TASK REQUIREMENTS → Below are lines of data; restate word for word those running from the line containing "Dar Suncial Hotel Marrakesh" to the line containing "艾弗琳·布伦特 Evelyn Brent", inclusive, and no others.

RECORDS PROVIDED →
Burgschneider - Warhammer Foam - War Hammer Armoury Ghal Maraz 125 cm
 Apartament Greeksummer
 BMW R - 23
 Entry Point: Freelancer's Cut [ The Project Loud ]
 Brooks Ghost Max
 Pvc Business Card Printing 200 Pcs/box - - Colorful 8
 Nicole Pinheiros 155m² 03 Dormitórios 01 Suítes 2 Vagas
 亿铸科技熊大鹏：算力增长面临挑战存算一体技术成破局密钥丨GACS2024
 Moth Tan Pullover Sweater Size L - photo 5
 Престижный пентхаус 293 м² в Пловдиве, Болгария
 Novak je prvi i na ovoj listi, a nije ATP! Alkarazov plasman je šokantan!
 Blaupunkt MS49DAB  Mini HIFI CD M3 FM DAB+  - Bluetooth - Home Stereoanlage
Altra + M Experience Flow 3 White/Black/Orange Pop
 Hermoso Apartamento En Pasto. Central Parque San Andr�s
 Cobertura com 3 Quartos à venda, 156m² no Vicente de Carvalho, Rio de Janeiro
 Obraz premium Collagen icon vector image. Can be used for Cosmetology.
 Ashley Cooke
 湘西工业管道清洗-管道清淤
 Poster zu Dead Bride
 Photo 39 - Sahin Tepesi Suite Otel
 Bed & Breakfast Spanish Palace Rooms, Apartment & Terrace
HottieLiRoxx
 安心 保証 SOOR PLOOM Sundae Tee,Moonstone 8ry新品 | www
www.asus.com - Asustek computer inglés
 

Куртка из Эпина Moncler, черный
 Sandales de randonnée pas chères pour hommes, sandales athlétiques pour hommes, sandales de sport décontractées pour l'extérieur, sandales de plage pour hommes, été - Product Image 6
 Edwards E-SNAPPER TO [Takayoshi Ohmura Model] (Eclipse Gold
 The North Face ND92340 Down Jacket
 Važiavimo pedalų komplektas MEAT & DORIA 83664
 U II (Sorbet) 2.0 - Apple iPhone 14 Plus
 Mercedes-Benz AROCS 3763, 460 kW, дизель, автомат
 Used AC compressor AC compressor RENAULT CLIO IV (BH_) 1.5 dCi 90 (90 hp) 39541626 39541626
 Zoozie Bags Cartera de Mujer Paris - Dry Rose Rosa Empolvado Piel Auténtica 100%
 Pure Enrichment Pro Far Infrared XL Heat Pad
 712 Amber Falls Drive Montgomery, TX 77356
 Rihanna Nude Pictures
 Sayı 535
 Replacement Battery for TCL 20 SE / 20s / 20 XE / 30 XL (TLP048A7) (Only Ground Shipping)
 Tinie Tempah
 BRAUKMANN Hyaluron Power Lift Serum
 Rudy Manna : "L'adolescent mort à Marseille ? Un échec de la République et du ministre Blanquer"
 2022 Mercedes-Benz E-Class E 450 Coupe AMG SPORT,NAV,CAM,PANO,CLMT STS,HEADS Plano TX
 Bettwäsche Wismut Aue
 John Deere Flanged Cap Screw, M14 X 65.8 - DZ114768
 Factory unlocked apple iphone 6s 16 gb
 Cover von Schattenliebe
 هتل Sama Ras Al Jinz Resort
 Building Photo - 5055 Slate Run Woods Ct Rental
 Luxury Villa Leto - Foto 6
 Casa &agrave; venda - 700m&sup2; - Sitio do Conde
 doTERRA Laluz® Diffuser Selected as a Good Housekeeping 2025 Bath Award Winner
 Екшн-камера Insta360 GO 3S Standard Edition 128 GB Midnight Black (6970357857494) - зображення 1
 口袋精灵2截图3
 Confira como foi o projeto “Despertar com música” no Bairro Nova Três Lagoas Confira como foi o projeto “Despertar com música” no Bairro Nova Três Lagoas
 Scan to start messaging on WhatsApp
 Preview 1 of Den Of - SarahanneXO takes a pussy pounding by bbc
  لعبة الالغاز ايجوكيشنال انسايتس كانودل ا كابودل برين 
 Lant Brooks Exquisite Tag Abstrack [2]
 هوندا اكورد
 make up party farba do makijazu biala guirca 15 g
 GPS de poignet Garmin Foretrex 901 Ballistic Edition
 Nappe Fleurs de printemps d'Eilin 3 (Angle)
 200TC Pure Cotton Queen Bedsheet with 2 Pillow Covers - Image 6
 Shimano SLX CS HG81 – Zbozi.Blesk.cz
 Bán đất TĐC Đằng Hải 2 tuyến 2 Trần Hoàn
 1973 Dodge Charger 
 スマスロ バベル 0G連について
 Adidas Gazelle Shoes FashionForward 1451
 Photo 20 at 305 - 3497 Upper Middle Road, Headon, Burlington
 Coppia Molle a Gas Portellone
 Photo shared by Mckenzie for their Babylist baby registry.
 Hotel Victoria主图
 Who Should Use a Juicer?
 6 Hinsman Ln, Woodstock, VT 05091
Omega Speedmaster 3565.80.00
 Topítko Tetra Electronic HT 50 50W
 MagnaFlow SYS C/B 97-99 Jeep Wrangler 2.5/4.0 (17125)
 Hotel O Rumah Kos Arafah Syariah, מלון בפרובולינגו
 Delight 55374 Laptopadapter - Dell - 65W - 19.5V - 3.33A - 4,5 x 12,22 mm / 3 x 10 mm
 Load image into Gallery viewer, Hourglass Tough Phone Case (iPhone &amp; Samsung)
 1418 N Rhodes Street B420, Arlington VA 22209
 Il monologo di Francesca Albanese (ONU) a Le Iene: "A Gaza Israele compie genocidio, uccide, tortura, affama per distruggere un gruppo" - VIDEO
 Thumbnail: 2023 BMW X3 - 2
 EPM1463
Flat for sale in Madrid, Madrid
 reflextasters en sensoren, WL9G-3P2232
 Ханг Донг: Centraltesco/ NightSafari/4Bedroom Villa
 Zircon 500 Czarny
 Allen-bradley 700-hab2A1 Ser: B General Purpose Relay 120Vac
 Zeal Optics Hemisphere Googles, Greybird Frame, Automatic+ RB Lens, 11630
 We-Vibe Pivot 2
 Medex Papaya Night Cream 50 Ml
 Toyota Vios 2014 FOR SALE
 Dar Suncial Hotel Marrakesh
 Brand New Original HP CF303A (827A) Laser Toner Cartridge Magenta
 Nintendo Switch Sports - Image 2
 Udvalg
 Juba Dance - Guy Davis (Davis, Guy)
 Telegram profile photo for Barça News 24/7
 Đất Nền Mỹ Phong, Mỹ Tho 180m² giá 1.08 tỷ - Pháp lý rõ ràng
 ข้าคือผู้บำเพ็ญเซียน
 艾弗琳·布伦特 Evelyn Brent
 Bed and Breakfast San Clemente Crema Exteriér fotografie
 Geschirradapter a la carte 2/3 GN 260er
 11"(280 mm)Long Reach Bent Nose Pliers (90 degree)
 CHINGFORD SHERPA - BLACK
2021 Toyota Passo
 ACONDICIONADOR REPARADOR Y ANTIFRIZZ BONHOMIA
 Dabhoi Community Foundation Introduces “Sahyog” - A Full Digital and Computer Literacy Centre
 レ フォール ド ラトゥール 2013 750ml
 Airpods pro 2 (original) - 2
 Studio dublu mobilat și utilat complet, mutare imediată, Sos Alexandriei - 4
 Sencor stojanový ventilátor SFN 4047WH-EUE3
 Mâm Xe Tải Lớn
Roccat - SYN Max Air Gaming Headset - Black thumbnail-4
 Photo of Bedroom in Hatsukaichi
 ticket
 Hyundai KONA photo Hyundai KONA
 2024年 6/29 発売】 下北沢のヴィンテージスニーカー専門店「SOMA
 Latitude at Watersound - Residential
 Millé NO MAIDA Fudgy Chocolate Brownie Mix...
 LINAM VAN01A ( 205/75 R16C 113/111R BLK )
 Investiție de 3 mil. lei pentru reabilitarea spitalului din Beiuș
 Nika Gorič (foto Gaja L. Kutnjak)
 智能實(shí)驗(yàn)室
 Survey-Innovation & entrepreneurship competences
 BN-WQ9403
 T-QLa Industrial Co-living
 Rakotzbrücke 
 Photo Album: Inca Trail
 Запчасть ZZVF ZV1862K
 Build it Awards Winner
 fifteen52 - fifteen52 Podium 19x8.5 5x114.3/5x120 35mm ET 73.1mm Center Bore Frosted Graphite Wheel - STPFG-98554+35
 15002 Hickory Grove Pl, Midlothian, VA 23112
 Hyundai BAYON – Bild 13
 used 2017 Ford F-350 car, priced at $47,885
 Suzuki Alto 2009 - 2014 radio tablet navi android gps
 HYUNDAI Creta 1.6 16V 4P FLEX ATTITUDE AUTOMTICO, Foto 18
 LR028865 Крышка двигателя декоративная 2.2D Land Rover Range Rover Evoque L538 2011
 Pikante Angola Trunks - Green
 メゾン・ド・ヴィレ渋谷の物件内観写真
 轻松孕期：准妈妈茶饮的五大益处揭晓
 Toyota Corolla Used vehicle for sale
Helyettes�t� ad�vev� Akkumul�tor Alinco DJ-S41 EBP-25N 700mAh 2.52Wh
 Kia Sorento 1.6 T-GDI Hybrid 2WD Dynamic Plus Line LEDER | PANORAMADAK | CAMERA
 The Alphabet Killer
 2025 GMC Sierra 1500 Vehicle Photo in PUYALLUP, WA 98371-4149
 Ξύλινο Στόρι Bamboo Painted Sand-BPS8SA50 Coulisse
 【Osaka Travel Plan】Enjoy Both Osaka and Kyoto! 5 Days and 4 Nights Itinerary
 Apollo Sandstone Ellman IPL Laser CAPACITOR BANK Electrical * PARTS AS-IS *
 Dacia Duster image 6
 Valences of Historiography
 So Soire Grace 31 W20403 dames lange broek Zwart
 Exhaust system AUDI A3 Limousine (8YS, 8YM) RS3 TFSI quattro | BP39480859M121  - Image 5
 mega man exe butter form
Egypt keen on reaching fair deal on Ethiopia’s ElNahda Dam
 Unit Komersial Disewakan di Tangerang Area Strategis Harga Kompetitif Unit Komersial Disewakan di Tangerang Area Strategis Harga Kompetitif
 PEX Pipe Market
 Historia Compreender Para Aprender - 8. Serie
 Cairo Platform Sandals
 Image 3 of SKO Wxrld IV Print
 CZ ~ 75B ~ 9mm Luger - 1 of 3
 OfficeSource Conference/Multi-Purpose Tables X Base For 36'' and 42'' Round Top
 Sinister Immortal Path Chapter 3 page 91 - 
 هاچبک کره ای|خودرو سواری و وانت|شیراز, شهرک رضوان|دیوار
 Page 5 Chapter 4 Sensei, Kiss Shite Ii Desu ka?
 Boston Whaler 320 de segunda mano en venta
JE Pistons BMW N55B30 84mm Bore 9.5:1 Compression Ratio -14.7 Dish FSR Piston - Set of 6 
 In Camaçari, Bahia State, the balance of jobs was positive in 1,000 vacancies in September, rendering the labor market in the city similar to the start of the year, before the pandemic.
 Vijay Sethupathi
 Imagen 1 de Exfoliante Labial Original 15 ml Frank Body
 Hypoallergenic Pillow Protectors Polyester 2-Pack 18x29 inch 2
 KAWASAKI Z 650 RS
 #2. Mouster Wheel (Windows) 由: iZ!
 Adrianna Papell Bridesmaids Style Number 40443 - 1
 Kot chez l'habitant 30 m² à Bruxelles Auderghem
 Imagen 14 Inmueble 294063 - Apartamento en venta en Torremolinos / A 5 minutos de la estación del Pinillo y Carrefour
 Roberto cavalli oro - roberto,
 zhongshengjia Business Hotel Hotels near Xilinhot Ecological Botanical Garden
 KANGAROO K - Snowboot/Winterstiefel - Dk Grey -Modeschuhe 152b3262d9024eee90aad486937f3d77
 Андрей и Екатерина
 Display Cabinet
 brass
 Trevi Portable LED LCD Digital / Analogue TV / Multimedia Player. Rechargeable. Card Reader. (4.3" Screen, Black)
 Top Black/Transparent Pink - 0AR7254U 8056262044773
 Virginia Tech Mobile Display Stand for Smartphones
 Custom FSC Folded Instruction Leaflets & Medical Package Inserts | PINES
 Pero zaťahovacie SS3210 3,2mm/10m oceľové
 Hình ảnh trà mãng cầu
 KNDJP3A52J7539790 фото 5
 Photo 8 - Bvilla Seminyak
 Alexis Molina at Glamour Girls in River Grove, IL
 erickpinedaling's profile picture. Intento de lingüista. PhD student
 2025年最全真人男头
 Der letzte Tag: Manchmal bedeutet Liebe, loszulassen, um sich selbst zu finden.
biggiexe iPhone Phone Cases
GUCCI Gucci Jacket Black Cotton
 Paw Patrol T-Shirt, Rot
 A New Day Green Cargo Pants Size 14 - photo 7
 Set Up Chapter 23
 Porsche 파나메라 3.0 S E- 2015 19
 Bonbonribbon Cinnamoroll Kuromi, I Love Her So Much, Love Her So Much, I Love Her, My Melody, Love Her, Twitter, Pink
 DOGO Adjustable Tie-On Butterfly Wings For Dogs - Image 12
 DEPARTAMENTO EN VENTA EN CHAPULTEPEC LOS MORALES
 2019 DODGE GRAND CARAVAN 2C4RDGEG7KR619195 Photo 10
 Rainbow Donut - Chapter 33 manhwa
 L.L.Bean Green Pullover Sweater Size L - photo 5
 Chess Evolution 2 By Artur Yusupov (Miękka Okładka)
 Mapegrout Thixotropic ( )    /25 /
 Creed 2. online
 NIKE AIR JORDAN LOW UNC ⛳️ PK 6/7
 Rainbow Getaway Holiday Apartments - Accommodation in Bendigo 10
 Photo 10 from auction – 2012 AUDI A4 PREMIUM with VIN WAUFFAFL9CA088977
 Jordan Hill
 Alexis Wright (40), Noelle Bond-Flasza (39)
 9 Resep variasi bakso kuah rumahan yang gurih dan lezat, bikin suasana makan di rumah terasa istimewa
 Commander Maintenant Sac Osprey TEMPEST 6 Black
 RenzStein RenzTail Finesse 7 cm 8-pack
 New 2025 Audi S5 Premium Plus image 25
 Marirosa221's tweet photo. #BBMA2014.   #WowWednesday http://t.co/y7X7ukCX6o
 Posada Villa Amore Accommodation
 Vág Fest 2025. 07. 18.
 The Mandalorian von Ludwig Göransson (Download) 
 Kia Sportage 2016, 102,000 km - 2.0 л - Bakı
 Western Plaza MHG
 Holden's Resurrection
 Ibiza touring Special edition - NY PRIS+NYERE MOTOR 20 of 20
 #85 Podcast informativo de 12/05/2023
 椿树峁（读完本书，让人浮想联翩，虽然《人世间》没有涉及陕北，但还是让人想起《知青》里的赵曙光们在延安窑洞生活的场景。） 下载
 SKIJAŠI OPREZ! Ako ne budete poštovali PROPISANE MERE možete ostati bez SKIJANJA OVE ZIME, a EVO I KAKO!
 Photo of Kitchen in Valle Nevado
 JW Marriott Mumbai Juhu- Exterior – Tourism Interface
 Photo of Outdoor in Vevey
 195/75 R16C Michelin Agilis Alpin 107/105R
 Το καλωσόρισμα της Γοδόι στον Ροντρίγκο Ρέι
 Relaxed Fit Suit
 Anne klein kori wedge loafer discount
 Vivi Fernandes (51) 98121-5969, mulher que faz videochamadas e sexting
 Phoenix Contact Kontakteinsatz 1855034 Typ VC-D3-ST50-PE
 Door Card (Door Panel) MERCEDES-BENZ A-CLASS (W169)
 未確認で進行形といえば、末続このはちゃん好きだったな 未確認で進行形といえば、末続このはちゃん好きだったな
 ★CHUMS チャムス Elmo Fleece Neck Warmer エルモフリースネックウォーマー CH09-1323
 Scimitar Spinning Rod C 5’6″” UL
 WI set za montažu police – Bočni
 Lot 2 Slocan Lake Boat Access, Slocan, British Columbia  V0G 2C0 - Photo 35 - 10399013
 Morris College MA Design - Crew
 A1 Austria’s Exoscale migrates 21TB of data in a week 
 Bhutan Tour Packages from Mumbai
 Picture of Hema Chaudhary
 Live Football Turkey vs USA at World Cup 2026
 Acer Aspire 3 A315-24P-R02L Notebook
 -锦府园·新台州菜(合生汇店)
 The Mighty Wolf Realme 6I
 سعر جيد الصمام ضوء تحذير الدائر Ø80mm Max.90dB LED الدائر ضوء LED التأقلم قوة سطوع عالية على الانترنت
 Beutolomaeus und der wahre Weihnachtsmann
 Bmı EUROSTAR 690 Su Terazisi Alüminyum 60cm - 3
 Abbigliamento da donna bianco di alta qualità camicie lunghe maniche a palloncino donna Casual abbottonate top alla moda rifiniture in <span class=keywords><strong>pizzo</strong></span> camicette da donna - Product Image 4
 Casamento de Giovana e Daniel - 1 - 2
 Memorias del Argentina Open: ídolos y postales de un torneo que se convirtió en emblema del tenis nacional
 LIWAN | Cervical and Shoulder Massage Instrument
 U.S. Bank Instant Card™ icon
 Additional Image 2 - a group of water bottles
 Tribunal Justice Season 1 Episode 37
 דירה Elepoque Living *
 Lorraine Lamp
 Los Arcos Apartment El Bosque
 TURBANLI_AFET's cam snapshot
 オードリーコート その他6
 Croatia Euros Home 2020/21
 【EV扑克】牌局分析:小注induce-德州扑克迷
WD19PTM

ANSWER TO THE EXERCISE →
 Dar Suncial Hotel Marrakesh
 Brand New Original HP CF303A (827A) Laser Toner Cartridge Magenta
 Nintendo Switch Sports - Image 2
 Udvalg
 Juba Dance - Guy Davis (Davis, Guy)
 Telegram profile photo for Barça News 24/7
 Đất Nền Mỹ Phong, Mỹ Tho 180m² giá 1.08 tỷ - Pháp lý rõ ràng
 ข้าคือผู้บำเพ็ญเซียน
 艾弗琳·布伦特 Evelyn Brent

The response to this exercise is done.